Quello di Jimmie Durham è un esempio di come una pena può diventare un modello e ricavarne arte. L’artista, vincitore nel 2019 del Leone d’Oro alla carriera per l’arte conferito dalla Biennale di Venezia , infatti, inizia a lavorare con le pietre in Giappone, nel carcere di Yokohama, quando come detenuto è chiamato a spaccar massi per scontare la sua pena.
Quel momento, oggi mitico per il racconto di uno dei protagonisti dell’arte del nostro tempo, segna l’avvio di un sodalizio fra la pietra, madre degli strumenti umani, e l’artista. Nel tentativo di costruire un’altra storia del pensiero, più libera e poetica di quella raccontata dalla storia della civiltà, Durham usa le pietre per liberare energie espressive e suggerire insolite narrazioni.

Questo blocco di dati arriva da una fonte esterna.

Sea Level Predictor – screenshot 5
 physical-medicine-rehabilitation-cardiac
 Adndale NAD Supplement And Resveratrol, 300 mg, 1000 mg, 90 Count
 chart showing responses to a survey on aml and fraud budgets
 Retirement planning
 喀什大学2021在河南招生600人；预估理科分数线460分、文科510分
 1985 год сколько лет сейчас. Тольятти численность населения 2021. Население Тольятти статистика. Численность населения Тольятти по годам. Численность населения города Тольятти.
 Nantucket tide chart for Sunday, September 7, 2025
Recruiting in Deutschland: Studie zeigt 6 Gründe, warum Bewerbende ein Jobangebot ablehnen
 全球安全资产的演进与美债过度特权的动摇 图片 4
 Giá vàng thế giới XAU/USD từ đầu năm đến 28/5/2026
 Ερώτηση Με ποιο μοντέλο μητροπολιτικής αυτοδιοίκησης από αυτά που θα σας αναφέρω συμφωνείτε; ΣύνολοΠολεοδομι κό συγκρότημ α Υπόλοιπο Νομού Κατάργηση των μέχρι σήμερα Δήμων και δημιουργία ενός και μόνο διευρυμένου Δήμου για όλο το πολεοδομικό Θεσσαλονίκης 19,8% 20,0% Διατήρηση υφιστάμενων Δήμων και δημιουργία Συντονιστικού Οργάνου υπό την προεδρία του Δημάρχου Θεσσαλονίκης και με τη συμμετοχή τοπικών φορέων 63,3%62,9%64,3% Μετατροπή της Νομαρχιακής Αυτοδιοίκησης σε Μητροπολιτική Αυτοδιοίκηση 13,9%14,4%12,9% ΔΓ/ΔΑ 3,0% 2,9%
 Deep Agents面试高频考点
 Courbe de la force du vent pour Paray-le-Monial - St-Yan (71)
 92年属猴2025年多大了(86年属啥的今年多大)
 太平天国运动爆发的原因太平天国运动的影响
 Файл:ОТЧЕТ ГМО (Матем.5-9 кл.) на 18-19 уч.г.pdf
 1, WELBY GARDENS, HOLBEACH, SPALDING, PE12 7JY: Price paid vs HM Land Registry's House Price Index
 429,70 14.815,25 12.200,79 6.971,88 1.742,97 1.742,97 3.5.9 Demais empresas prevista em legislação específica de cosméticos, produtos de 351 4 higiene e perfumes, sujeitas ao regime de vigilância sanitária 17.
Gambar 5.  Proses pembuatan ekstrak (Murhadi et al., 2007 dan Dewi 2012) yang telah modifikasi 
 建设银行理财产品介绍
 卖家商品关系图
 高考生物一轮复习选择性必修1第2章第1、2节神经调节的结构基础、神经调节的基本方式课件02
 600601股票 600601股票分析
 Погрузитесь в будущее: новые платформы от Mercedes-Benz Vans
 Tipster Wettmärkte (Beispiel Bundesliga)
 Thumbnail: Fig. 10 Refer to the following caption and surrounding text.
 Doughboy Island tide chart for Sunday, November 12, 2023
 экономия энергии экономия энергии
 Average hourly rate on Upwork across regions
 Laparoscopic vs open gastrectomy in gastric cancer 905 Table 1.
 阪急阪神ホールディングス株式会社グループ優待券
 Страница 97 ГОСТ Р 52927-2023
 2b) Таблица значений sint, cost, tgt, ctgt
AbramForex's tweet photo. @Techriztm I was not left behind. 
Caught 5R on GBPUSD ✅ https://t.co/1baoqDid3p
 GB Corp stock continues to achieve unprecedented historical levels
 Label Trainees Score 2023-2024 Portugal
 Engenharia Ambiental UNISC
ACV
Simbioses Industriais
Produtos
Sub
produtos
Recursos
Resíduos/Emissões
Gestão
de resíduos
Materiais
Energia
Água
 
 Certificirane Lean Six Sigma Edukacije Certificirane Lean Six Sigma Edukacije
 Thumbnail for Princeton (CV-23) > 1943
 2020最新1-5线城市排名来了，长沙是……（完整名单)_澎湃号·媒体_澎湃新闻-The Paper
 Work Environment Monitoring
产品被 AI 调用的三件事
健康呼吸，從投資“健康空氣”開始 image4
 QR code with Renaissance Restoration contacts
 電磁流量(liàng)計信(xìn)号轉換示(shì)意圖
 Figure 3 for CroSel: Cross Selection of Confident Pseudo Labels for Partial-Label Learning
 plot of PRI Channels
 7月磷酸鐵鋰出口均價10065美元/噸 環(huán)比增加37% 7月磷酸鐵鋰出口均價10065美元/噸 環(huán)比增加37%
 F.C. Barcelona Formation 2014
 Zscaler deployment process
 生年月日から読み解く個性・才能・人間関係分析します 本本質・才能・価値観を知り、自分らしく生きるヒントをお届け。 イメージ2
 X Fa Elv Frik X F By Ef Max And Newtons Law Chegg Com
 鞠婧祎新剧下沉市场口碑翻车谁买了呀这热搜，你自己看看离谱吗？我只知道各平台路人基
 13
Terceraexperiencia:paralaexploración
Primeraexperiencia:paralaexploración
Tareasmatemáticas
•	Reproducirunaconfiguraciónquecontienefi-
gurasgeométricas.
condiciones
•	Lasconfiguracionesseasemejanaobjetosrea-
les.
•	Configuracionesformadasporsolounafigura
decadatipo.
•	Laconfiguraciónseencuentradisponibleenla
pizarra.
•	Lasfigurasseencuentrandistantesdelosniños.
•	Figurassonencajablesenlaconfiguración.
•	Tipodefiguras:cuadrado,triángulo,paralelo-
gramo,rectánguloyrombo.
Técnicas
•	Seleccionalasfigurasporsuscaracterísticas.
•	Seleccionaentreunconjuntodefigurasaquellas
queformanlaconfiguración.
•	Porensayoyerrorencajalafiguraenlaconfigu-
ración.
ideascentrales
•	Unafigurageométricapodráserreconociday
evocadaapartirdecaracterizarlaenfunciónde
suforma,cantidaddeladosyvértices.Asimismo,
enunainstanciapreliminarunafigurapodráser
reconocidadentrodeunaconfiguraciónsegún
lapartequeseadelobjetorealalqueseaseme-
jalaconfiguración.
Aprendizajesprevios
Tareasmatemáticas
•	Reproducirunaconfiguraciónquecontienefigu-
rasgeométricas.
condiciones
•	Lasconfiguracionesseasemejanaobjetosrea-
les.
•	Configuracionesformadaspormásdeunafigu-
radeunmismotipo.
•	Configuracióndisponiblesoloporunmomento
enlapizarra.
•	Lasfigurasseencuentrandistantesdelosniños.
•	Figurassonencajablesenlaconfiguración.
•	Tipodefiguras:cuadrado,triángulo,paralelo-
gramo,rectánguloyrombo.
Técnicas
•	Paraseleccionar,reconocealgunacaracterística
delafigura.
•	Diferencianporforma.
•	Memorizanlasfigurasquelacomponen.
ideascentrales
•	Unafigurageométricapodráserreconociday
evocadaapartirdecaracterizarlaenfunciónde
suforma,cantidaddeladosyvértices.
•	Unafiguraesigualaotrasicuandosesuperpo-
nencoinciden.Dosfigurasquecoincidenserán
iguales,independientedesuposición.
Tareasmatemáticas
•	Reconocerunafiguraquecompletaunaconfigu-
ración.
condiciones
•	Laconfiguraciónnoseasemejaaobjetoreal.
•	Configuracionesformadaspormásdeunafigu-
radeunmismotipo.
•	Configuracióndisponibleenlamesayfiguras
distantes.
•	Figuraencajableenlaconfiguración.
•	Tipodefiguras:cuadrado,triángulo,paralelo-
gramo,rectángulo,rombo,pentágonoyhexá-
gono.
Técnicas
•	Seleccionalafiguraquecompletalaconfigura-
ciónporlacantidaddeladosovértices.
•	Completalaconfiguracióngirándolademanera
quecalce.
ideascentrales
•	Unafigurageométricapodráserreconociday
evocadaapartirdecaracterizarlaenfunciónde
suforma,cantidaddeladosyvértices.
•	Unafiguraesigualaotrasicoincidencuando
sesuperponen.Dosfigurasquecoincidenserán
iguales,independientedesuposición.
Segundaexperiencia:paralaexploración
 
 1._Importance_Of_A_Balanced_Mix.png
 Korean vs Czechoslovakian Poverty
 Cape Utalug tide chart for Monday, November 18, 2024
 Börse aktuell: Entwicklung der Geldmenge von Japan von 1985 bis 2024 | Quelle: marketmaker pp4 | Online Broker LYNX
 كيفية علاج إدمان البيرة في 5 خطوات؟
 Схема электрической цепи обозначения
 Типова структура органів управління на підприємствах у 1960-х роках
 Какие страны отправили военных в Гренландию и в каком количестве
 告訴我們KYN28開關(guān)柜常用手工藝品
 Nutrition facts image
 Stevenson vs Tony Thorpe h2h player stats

Kappanoun omaggia Durham promuovendo e ospitando presso il proprio Spazio a San Lazzaro di Savena, Bologna, una mostra composta da una selezione di opere provenienti da collezioni private italiane. In particolare la mostra pone l’accento sul vitalismo primigenio che nutre la pratica dell’artista e lo spinge ad usare la materia come puro atto. La mostra, che rientra nel progetto di Art City e ArteFiera di Bologna, è accompagnata da una pubblicazione con un testo di Denis Isaia.